### Your task:
Repeat the listing verbatim. Drop any pictures.

### Records supplied:

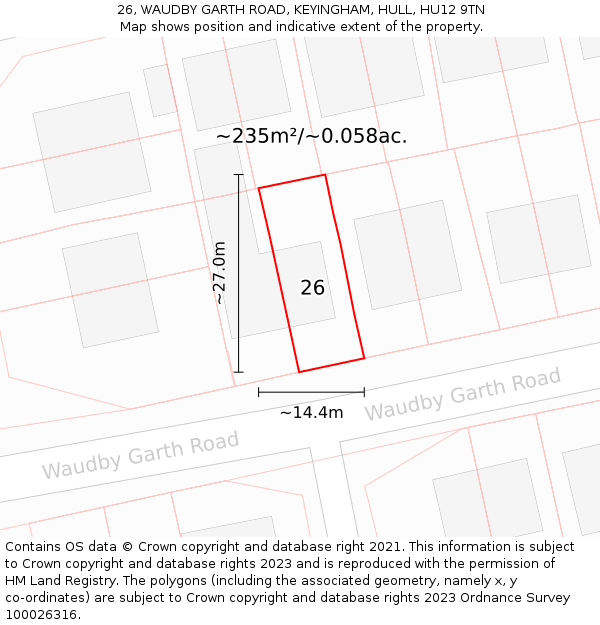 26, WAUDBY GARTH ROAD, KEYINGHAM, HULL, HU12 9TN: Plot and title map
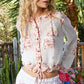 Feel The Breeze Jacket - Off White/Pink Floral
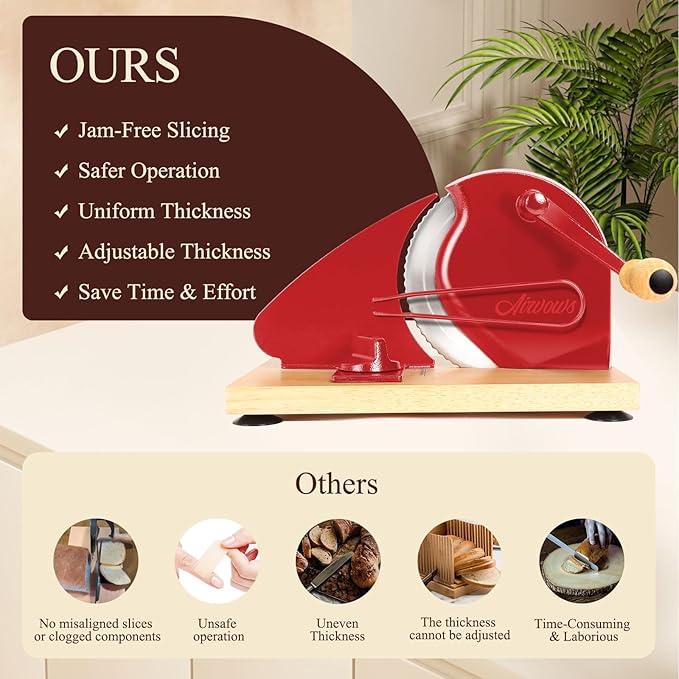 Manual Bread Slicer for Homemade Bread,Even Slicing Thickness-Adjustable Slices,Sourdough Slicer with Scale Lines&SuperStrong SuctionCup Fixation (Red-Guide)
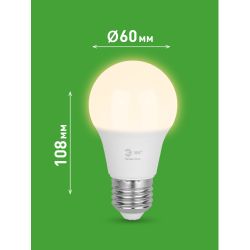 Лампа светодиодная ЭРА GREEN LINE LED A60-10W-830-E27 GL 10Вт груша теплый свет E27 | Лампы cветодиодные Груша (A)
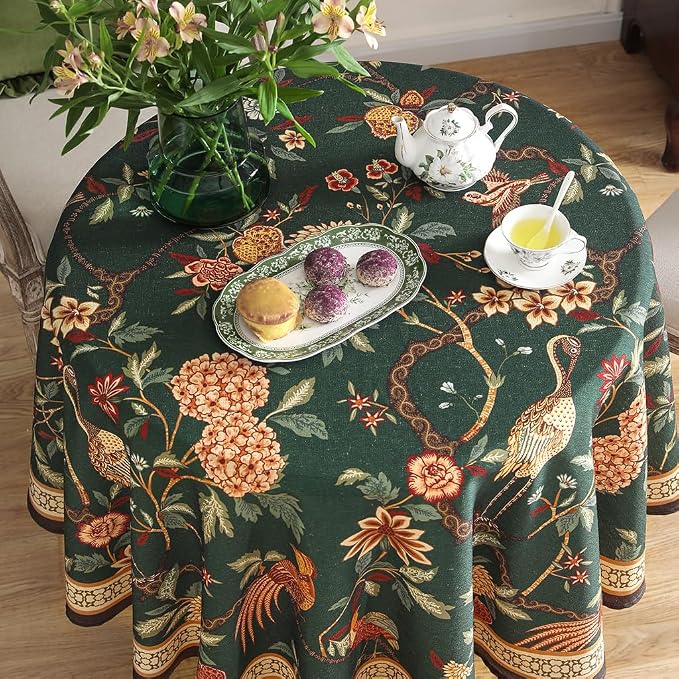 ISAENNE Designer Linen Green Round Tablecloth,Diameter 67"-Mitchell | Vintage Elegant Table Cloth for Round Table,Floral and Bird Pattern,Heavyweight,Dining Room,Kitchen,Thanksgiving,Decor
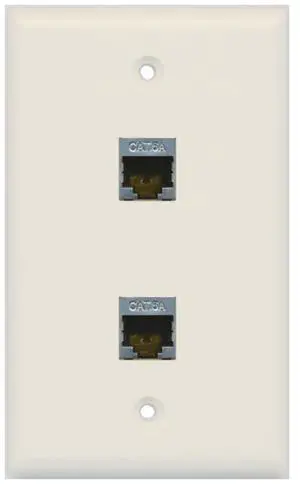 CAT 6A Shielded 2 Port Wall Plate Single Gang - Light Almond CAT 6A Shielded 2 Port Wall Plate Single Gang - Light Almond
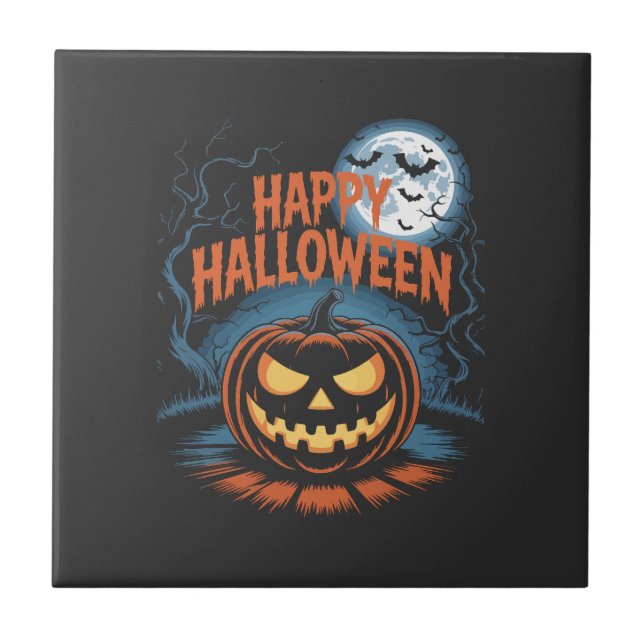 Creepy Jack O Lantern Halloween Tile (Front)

### Answer to this problem:
 26, WAUDBY GARTH ROAD, KEYINGHAM, HULL, HU12 9TN: Plot and title map
 Feel The Breeze Jacket - Off White/Pink Floral
 Manual Bread Slicer for Homemade Bread,Even Slicing Thickness-Adjustable Slices,Sourdough Slicer with Scale Lines&SuperStrong SuctionCup Fixation (Red-Guide)
 Лампа светодиодная ЭРА GREEN LINE LED A60-10W-830-E27 GL 10Вт груша теплый свет E27 | Лампы cветодиодные Груша (A)
 ISAENNE Designer Linen Green Round Tablecloth,Diameter 67"-Mitchell | Vintage Elegant Table Cloth for Round Table,Floral and Bird Pattern,Heavyweight,Dining Room,Kitchen,Thanksgiving,Decor
 CAT 6A Shielded 2 Port Wall Plate Single Gang - Light Almond CAT 6A Shielded 2 Port Wall Plate Single Gang - Light Almond
 Creepy Jack O Lantern Halloween Tile (Front)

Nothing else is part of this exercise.